Look for the line with "Plantilla de logotipo de gato degradado" in the data below, then reproduce word for word that line and every line after it. Leave out all pictures and add nothing.

Brief descriptive captions:
-=-=-
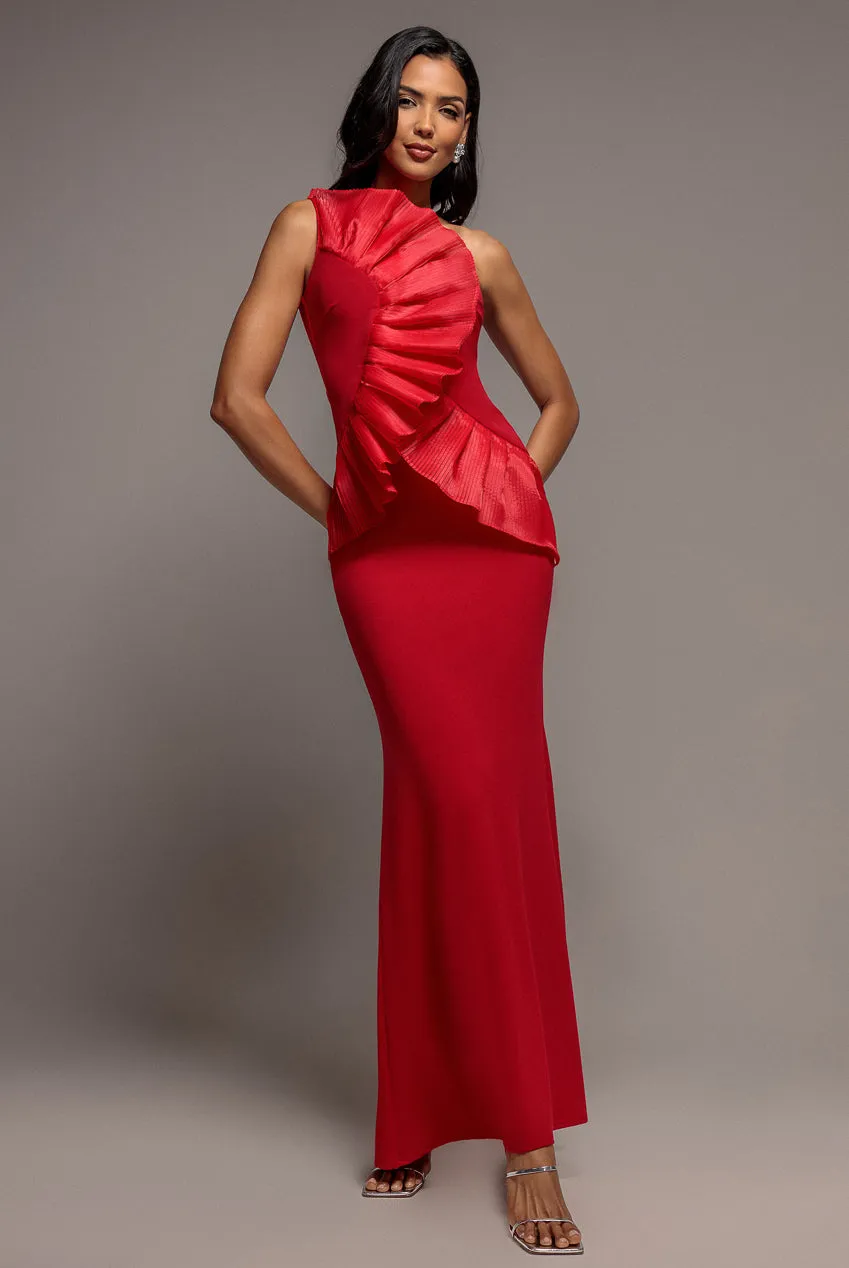 Goddiva DR4872 One Shoulder abito maxi rosso plissettato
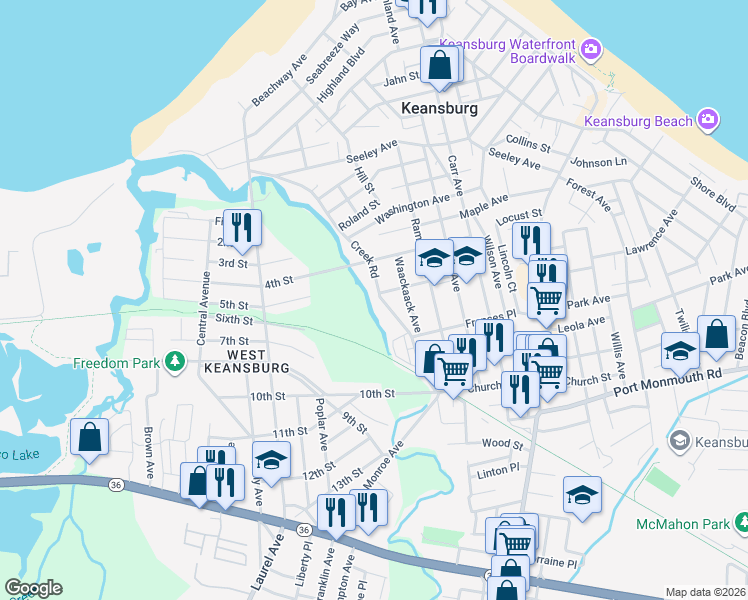 map of restaurants, bars, coffee shops, grocery stores, and more near 177 Creek Road in Keansburg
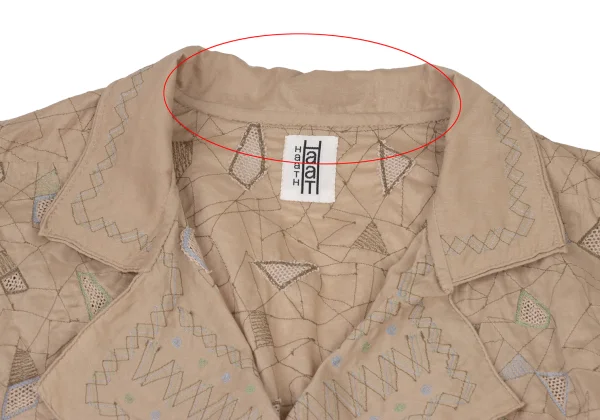 ISSEY MIYAKE HaaT Geometric Embroidery Buttonless Shirt Jacket K-174965_004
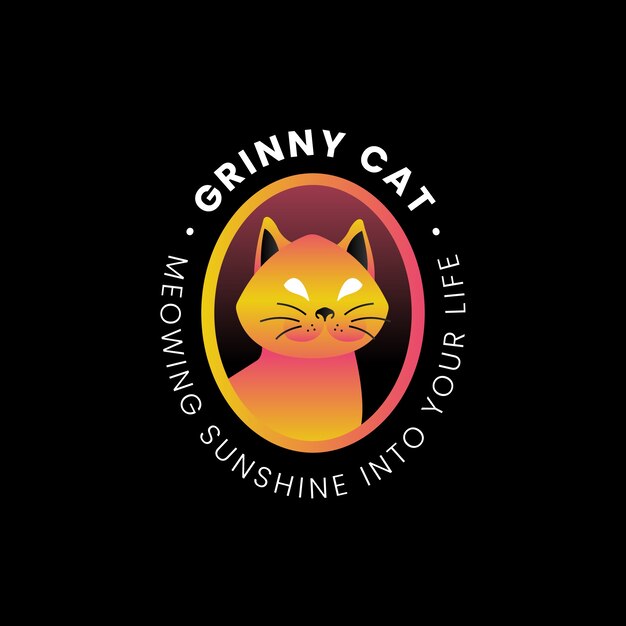 Plantilla de logotipo de gato degradado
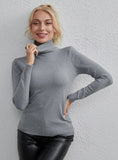 CLASSY FASHION SOLID COLOR SLIM TOP SWEATER
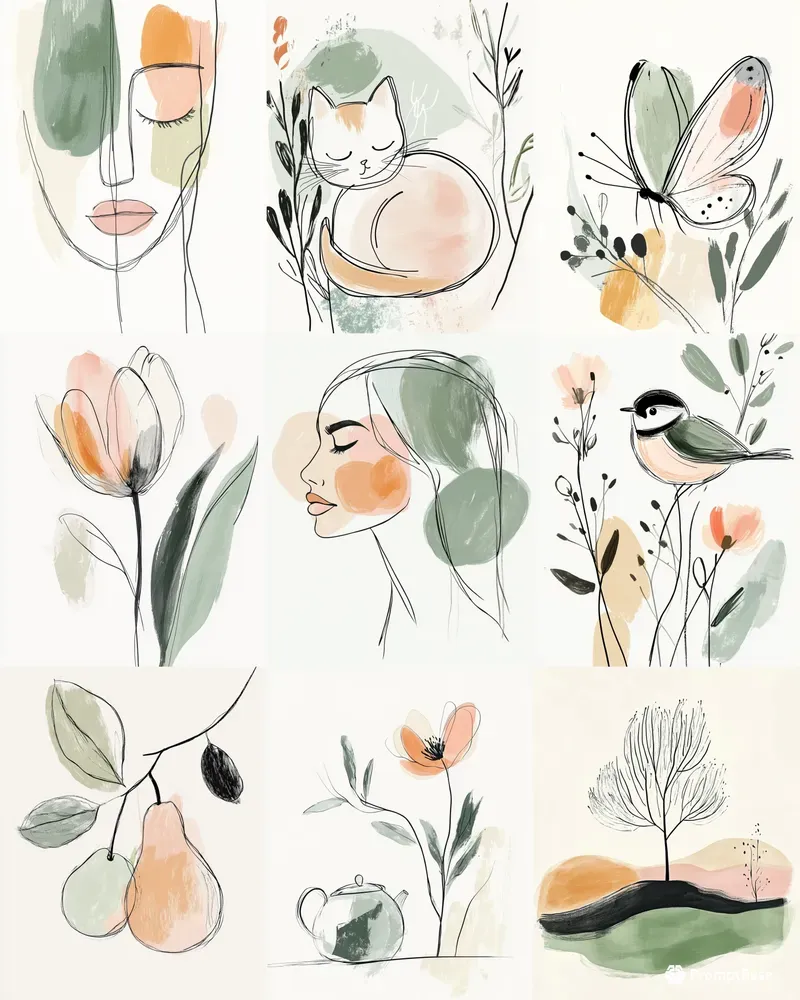 Minimal And Simple Line Art Drawings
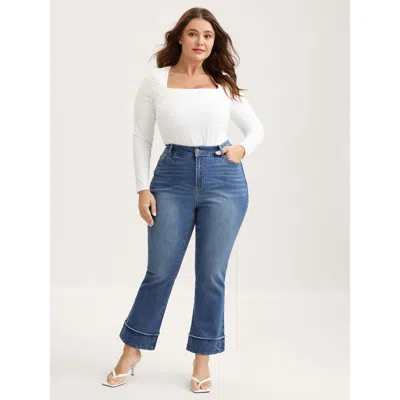 Bloomchic Women's Plus Size Vintage Raw Hem Bootcut Jeans Denimblue Patchwork Slight Flare Medium Stretch 10/m In Blue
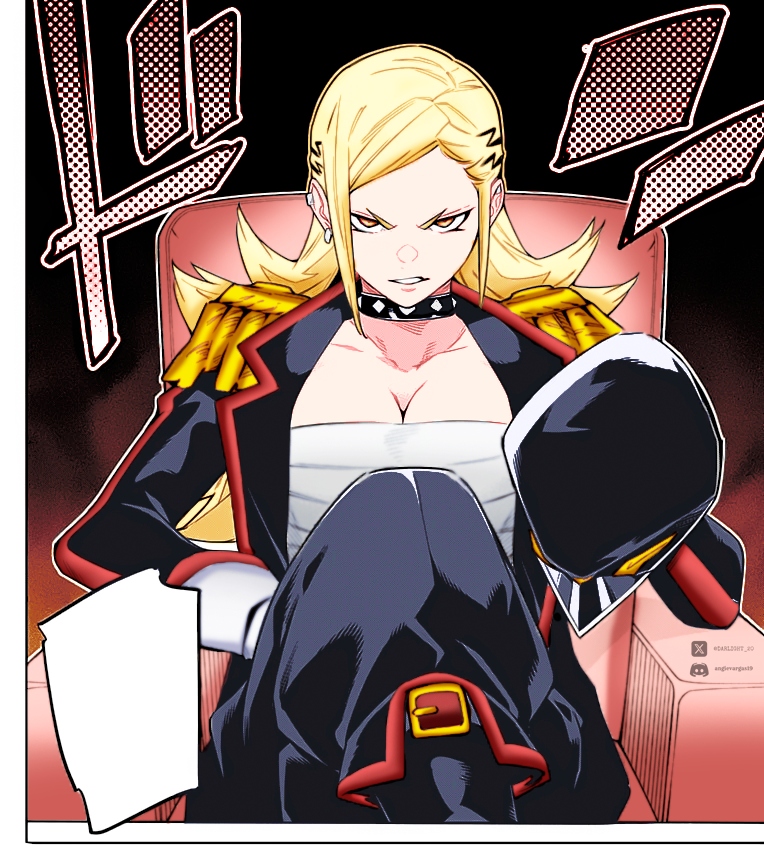 kamiunten mira, mato seihei no slave, colorized, 1girl, blonde hair, breasts, cleavage, collarbone, earrings, jewelry, large breasts, long hair, looking at viewer, solo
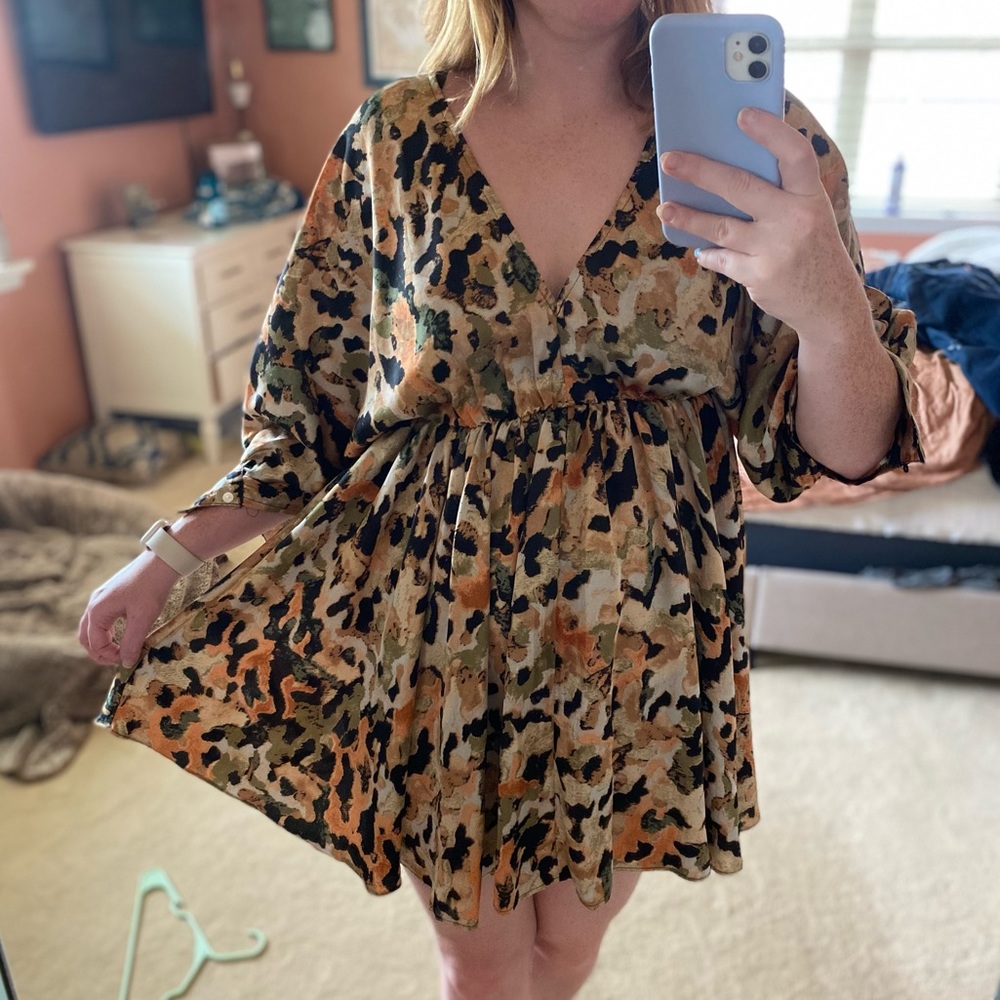 Patterned Multi Colored Mini Dress - image 3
-=-=-
*Finished task*
 Plantilla de logotipo de gato degradado
 CLASSY FASHION SOLID COLOR SLIM TOP SWEATER
 Minimal And Simple Line Art Drawings
 Bloomchic Women's Plus Size Vintage Raw Hem Bootcut Jeans Denimblue Patchwork Slight Flare Medium Stretch 10/m In Blue
 kamiunten mira, mato seihei no slave, colorized, 1girl, blonde hair, breasts, cleavage, collarbone, earrings, jewelry, large breasts, long hair, looking at viewer, solo
 Patterned Multi Colored Mini Dress - image 3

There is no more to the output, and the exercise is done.